As I said in my contribution to the debate on the King’s Speech three weeks ago, the major reasons for the backlog are a lack of judges, causing a serious decrease in the number of sitting days, and a lack of barristers, both to prosecute and defend. The diminution in criminal legal aid by 41% since 2010—the cause of the barristers’ strike—has destroyed the attractiveness of the criminal Bar as a career. So I repeat my call for incentives to aid recruitment; if the Government can fund £26,000 bursaries for young teachers to teach maths and the sciences, they need a similar scheme to fill up the vital vacancies at the criminal Bar.
The dire state of prisons was highlighted by the MoJ’s own figures. The backlog of major capital works was £1.4 billion in July 2023. It has been increasing by £220 million a year since 2019. Prisons are filthy and crumbling.
The Prison Service suffers from recruitment problems, compounded by a failure to retain staff at an increasingly alarming rate—currently 15% per year. Between December 2022 and October last, the prison population has increased at a rate of 605 prisoners per month, to reach the highest figure ever, of over 88,000.
The effect on prisoners themselves is that 42% of male prisoners are locked up for 22 hours a day during the week. Education and rehabilitation courses have been dramatically curtailed. The Guardian recently reported that the number of self-harm incidents, including cutting, overdose and hanging, reached the second-highest on record in March 2023, with 733 incidents for every 1,000 prisoners. Three-quarters of the prison population are engaged in cutting, overdose, hanging and other such activities.
Nick Vineall KC, chairman of the Bar Council, said this week that
“the consequences of underfunding are extremely serious for society as whole. Ultimately, we must have a system that properly supports victims and ensures that the guilty are punished and the innocent walk free. We no longer have such a system”.
The Government may be anxious about victims, but the aim of rehabilitation is not to give criminals an easy time; the aim is simply that there be fewer victims in the future. I could go on, but the picture is clear.

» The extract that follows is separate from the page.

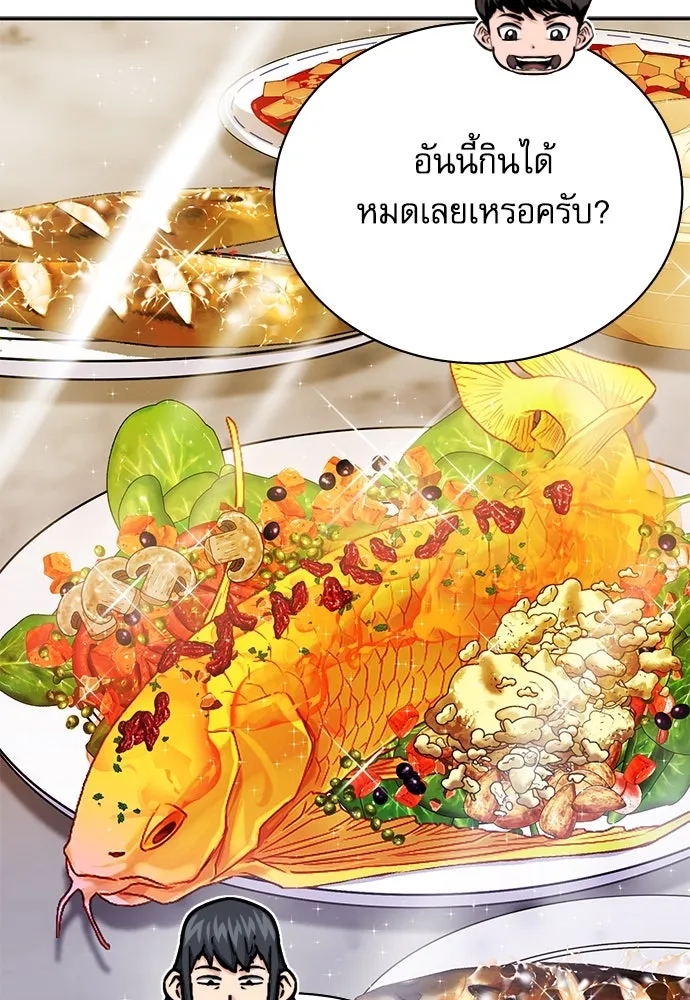 ดรูอิดแห่งสถานีโซล ตอนที่ 111 รูปที่ 31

The Autumn Statement increases MoJ day-to-day spending from £9.4 billion for 2022-23 to £9.8 billion for 2023-24—a rise of 4% but in real terms a cut, set against the OBR’s projection of 7.4% inflation next year. The capital budget will fall to £1.5 billion in 2024, below the current capital budget for this year, of £1.7 billion.
Justice is not a peripheral matter: it is a central pillar of our society. When it fails, the stability of the state, and its very existence, are at risk. There are innumerable examples from history, both past and present.
The Autumn Statement is peddled with mendacious spin, with claims of tax reliefs as the actual tax burden rises. It is a final blow to the credibility of this Conservative Government. When they pack their tents and steal away next year, they will leave behind the appalling mess of the criminal justice system, to which the noble Lord, Lord Clarke, has referred. Another Government, I hope, will clean it up.